_Requirement_. From the records below, extract only the lines running from the line with "Jesenná výzva" to the line with "NAPAPIJRI Pullover XL in Blau: predná strana", both lines included, reproducing them exactly.

--------------------------------------------------

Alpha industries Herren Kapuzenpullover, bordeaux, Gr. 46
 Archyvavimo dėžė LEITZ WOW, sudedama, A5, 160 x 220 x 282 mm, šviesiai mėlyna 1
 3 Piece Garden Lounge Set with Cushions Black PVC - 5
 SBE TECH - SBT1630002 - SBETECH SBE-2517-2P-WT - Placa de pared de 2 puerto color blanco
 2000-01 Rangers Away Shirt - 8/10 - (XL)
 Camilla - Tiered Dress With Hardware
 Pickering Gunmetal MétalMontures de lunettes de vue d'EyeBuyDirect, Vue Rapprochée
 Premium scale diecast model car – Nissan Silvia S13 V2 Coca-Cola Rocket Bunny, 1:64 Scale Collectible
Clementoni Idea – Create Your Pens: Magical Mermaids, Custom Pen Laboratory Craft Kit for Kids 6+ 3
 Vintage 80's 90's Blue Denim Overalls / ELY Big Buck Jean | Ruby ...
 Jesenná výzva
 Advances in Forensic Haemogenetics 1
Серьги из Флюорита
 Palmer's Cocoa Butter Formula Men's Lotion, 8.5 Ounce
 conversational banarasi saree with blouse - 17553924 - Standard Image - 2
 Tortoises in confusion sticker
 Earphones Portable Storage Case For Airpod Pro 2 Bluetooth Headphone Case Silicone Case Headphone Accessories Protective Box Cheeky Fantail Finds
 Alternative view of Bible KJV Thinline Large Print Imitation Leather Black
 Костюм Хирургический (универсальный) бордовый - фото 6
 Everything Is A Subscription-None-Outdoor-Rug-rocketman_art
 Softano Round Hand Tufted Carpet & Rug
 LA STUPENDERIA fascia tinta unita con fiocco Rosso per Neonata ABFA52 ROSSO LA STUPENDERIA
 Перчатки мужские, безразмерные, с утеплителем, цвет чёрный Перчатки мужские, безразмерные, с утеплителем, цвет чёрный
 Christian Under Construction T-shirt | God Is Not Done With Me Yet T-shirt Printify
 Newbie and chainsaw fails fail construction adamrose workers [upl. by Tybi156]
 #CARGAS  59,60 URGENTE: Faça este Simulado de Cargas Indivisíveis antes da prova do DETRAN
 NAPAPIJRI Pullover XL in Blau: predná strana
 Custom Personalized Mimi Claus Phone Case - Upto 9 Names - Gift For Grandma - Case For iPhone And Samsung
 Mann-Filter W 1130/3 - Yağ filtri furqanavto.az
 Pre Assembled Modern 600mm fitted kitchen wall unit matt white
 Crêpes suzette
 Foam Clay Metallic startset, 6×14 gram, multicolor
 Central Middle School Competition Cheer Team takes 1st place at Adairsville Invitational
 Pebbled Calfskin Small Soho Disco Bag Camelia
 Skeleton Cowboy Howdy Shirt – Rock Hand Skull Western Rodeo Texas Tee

--------------------------------------------------

_Result of this exercise_.
 Jesenná výzva
 Advances in Forensic Haemogenetics 1
Серьги из Флюорита
 Palmer's Cocoa Butter Formula Men's Lotion, 8.5 Ounce
 conversational banarasi saree with blouse - 17553924 - Standard Image - 2
 Tortoises in confusion sticker
 Earphones Portable Storage Case For Airpod Pro 2 Bluetooth Headphone Case Silicone Case Headphone Accessories Protective Box Cheeky Fantail Finds
 Alternative view of Bible KJV Thinline Large Print Imitation Leather Black
 Костюм Хирургический (универсальный) бордовый - фото 6
 Everything Is A Subscription-None-Outdoor-Rug-rocketman_art
 Softano Round Hand Tufted Carpet & Rug
 LA STUPENDERIA fascia tinta unita con fiocco Rosso per Neonata ABFA52 ROSSO LA STUPENDERIA
 Перчатки мужские, безразмерные, с утеплителем, цвет чёрный Перчатки мужские, безразмерные, с утеплителем, цвет чёрный
 Christian Under Construction T-shirt | God Is Not Done With Me Yet T-shirt Printify
 Newbie and chainsaw fails fail construction adamrose workers [upl. by Tybi156]
 #CARGAS  59,60 URGENTE: Faça este Simulado de Cargas Indivisíveis antes da prova do DETRAN
 NAPAPIJRI Pullover XL in Blau: predná strana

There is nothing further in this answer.